I am trying to create a filtered, secure view of another table, without having to grant read access to the originating table. I have not found a way to do this.
select * from otherdb.dbo.table as t1
WHERE t1.userid = USER
If USER only has access to my_view, he will only see selective columns in t1. However, it seems that for USER to SELECT from my_view, USER has to also have SELECT privileges for otherdb.dbo.table. I wish for users to have access to my_view, but not have select access to otherdb.dbo.table and thus have a restricted view of otherdb.dbo.table.
Is there any way to implement security like this with views?
You can do it, but you have to have all the objects in the same database.
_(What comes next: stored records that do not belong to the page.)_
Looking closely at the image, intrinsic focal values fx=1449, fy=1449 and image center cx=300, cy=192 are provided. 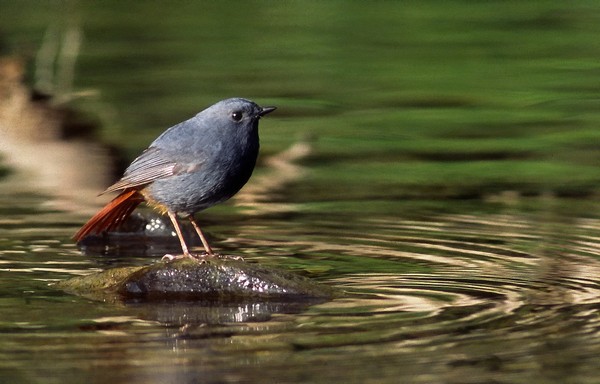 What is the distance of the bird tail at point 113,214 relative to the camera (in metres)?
7.54

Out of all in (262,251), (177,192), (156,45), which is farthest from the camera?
(156,45)

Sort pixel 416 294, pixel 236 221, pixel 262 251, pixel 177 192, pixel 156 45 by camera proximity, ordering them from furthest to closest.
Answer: pixel 156 45
pixel 236 221
pixel 262 251
pixel 177 192
pixel 416 294

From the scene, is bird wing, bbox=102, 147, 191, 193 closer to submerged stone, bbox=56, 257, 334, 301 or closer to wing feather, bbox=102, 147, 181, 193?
wing feather, bbox=102, 147, 181, 193

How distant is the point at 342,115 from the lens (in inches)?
481

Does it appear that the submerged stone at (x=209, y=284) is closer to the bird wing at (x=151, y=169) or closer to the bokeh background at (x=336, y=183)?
the bokeh background at (x=336, y=183)

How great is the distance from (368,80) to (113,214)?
6421mm

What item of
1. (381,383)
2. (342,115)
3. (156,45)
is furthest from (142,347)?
(156,45)

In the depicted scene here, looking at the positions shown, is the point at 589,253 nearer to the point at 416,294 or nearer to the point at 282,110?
the point at 416,294

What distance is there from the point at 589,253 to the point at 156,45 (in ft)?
30.3

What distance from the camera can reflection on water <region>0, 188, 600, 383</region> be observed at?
17.9 ft

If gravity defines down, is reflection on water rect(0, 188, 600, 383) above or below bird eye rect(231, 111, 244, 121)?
below

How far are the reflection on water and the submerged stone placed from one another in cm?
12

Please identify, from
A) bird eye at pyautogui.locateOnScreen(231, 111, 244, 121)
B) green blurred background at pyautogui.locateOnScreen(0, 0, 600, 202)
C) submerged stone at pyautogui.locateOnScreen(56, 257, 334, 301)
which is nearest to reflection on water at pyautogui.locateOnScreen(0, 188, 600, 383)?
submerged stone at pyautogui.locateOnScreen(56, 257, 334, 301)

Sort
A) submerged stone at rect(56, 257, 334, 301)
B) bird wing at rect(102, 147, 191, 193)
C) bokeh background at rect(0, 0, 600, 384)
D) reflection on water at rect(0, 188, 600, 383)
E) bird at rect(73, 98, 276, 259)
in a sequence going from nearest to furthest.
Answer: reflection on water at rect(0, 188, 600, 383)
bokeh background at rect(0, 0, 600, 384)
submerged stone at rect(56, 257, 334, 301)
bird at rect(73, 98, 276, 259)
bird wing at rect(102, 147, 191, 193)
In SQL Server there is the concept of Ownership Chaining. If an owner (in this case dbo) wants to grant you select rights to a view, he does not need to grant permissions on any sub-views or tables. If a user (call him A) creates a view based on another user's (B) table, then select permission on A's view will require select permission on B's table.
Now, here is where it gets into muddy water. You are now going from DB to DB. There is no hard link in the name of an owner in one DB vs. another. dbo could be mapped to someone other than sa in any database, so keeping the Ownership Chain across databases can provide you with some problems in security as the owner of one DB can peek at the other's data at will.
In short, yes, you will have to grant select permission on the base table to the users (or guest/public).